PROBLEM STATEMENT => Beginning at the line that holds "Zwart, metallic lak", repeat every line through the last line of the material, exactly, and drop any pictures.

GIVEN MATERIAL =>
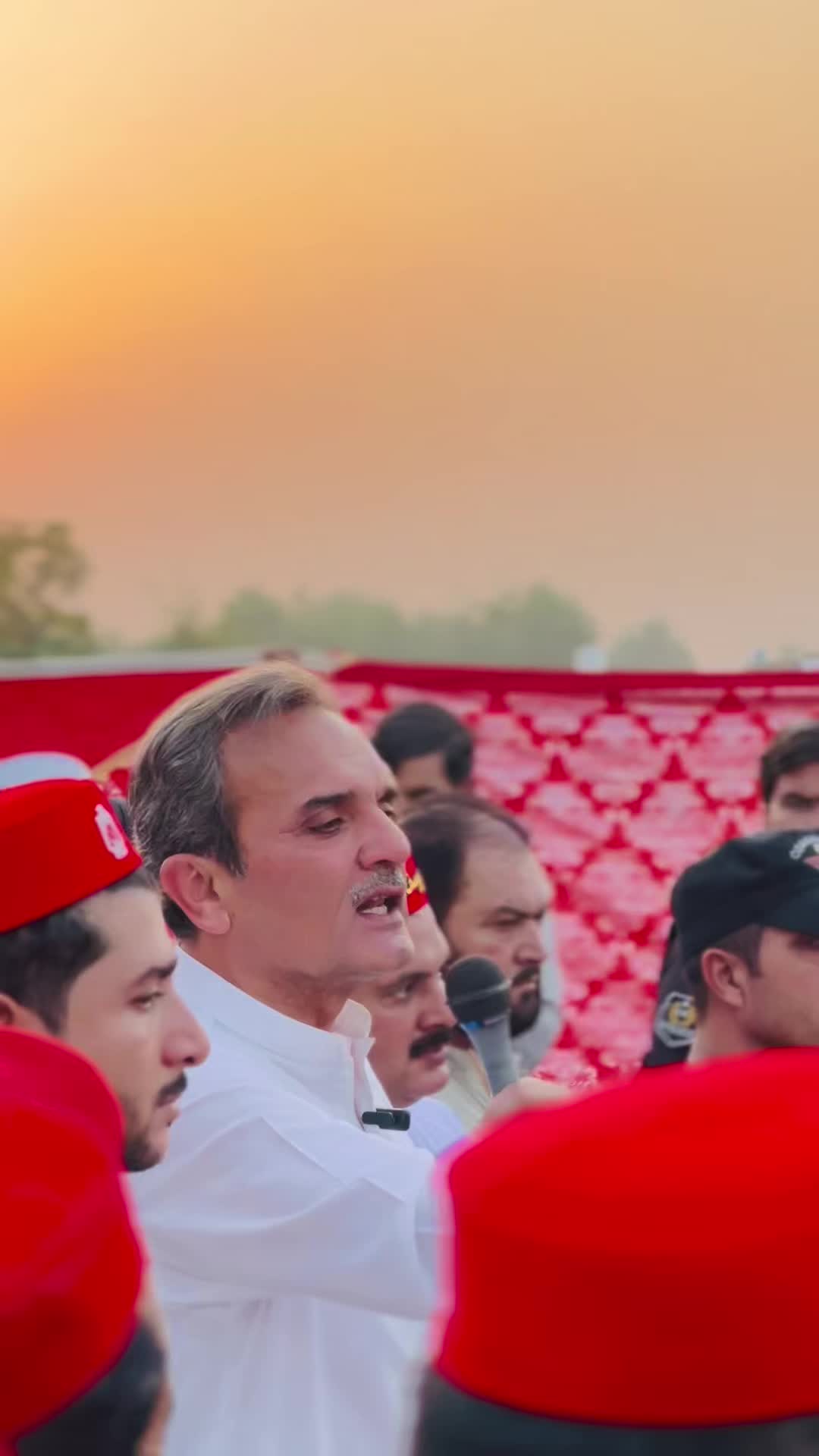 @𝙄𝙢𝙖𝙙 𝙈𝙖𝙣𝙙𝙤𝙤𝙧𝙞 🚩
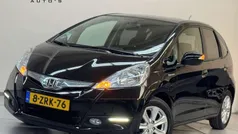 Zwart, metallic lak Gebruikt 2015 Honda Jazz Elegance Hatchback | € 12.900 (Eerlijke prijs)
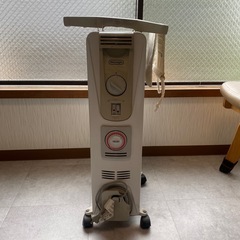 De'Longhi デロンギ　電気ヒーター の画像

ANSWER TO THIS EXERCISE =>
 Zwart, metallic lak Gebruikt 2015 Honda Jazz Elegance Hatchback | € 12.900 (Eerlijke prijs)
 De'Longhi デロンギ　電気ヒーター の画像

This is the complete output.